A week later I received the Royalty Agreement stating what the publisher required me to do, and what the publisher would do.

The Royalty Agreement among other things stated what payments (royalties) I would receive and what happened if the book was translated into other languages, and made into a film. Regrettably, the movie never came, but the book was published into Spanish.

Surprisingly at that time (1968) I had difficulty in finding a person at the university who had actually written a book, but several people were very helpful in looking at the fine print of the contract.

Because the book was published in both London and Toronto, I received royalties of 10 per cent of the published price of the book for sales in the US and Canada and the UK, and 12.5 per cent of the “price obtained” from all other areas.

The effect of this meant that the 10,000 copies sold provided sufficient money for me to purchase a car.

More importantly it also opened up a weather/climate world in a much bigger way than I thought possible.

This was very much pre-internet days, and well before the costs and benefits of the impacts of weather became an issue, and what turned out to be the first of my five books "The Value of the Weather" which included sections on "consumers reaction to forecast presentation" and "the law and weather modification".

Then, before the rest of the world had worked out how to use weather and climate information and to manage the risks and opportunities of weather and climate variability and extremes, I wrote my second book (in 1986) and endeavoured to include sections on "The Ministry of Atmospheric Resources" and "the effect of weather on road construction" which captured the essence of the problem with the book ‘The Uncertainty Business.. Risks and opportunities in weather and climate.’

This was followed in 1989 by my third book "The Human Impact of Climate Uncertainty" which included sections on "Television weathercasting" and "Weather and wool production forecasting". Like my first book, my second and third books were published by Methuen and Co in London.

Much later in 2020 the three books were reprinted by Routledge, part of the Taylor and Francis Group in London and New York'.

Then before the First Report of the Intergovernmental Panel on Climate Change (IPCC) and the 1990 Second World Climate Conference had set in train the negotiation of the United Nations Framework Convention on Climate Change (UNFCCC), I produced in 1992, while working for for the Stockholm Environment Institute, a climate lexicon that became, for many years, the definitive international "‘Dictionary of Global Climate Change". This book was published by UCL in London.

The dictionary covered the full range of weather and climate terms from "abiotic" and "ablation" to "zonal index" to "zooplankton".

The idea for my fifth book came about when I was visiting my family in Adelaide in January 2020 during a heat wave.

One day when the forecast was for 45°C my daughter Denise suggested I should stay inside, shelter from the heat and write another book.

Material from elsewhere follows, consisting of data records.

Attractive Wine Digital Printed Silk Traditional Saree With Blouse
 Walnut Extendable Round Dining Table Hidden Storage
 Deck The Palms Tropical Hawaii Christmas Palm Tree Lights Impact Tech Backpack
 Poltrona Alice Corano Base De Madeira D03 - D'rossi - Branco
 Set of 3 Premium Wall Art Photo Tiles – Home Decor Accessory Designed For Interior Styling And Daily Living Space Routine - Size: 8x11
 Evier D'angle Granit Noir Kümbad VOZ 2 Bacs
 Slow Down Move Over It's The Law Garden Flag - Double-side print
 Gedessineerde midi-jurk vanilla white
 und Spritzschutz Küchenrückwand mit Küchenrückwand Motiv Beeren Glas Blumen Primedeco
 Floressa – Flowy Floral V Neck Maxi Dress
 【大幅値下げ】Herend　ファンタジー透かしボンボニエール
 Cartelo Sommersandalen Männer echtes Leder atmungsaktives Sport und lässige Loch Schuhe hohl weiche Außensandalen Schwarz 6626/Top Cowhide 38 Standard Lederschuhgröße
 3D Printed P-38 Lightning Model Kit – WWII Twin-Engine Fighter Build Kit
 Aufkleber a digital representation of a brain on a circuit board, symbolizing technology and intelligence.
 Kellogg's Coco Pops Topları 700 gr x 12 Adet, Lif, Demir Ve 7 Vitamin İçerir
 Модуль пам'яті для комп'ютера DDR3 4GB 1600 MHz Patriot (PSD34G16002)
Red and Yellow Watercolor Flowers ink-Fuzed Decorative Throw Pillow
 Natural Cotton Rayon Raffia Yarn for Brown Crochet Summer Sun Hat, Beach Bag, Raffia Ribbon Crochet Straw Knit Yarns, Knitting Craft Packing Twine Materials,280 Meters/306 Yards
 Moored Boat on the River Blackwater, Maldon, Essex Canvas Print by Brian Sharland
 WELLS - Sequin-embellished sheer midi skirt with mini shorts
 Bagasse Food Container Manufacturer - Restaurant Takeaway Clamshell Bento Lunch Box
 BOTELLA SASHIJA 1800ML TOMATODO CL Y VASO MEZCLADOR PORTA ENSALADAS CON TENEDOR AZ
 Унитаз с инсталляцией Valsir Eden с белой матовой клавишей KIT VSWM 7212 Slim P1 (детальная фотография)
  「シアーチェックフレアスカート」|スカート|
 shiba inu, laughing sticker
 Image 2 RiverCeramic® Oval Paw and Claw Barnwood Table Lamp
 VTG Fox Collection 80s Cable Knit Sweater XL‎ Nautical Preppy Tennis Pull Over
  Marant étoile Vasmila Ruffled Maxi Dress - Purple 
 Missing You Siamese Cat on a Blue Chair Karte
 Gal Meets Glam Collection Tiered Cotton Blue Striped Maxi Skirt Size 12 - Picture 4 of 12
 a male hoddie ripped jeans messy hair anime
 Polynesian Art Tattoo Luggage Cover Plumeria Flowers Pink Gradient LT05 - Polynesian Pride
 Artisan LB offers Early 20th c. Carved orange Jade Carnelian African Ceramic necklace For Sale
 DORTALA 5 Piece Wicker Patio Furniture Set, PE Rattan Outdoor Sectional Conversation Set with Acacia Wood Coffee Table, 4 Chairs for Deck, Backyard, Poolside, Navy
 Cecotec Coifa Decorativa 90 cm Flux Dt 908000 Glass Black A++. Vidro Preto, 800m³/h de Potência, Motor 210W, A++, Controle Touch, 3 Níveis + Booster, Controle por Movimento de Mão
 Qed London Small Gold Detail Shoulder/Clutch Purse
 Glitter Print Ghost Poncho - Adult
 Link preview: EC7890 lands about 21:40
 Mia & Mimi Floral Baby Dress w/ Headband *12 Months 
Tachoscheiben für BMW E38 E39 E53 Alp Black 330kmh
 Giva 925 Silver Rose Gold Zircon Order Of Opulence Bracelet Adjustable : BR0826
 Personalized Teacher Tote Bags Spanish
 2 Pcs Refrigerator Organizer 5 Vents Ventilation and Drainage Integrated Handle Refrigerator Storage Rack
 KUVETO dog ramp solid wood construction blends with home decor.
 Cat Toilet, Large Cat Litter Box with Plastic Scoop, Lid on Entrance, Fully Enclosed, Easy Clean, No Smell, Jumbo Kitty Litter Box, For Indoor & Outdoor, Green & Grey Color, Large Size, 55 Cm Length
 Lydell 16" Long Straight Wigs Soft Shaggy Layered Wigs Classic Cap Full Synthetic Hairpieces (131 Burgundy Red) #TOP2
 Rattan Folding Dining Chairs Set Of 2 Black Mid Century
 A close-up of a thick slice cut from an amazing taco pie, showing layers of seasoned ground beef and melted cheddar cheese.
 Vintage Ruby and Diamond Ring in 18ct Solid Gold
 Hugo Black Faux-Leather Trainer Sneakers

I asked what did she have in mind and she simply said “Climate the Truth”.

My son Philip, who has lived in Adelaide for about 35 years, thought it was a good idea but after a few days thought I settled on a more appropriate title "Fifteen shades of climate...the fall of the weather dice and the butterfly effect”.

The fifteen simply relates to the number of chapters in the book but it could more realistically relate to the fifteen or more facets of my eighty years in the “weather business”.

The book was published in November 2020 by Amazon.

These years cover my schooling and work in New Zealand’s Golden Bay and Nelson College, the University of Otago, the New Zealand Meteorological Service, the University of Victoria in Canada, the University of Missouri, the World Meteorological Organization, the University of Delaware, the 1985 WMO/ICSU/UNEP Villach Conference, the 1979 WMO First World Climate Conference, the 1990 Second World Climate Conference, the Stockholm Environment Institute, the University College Dublin, the weather business in New Zealand, the writing of five books, many scientific papers and a host of media releases.

My thanks go to all my friends and colleagues all over the climate world who have kept me on the right path.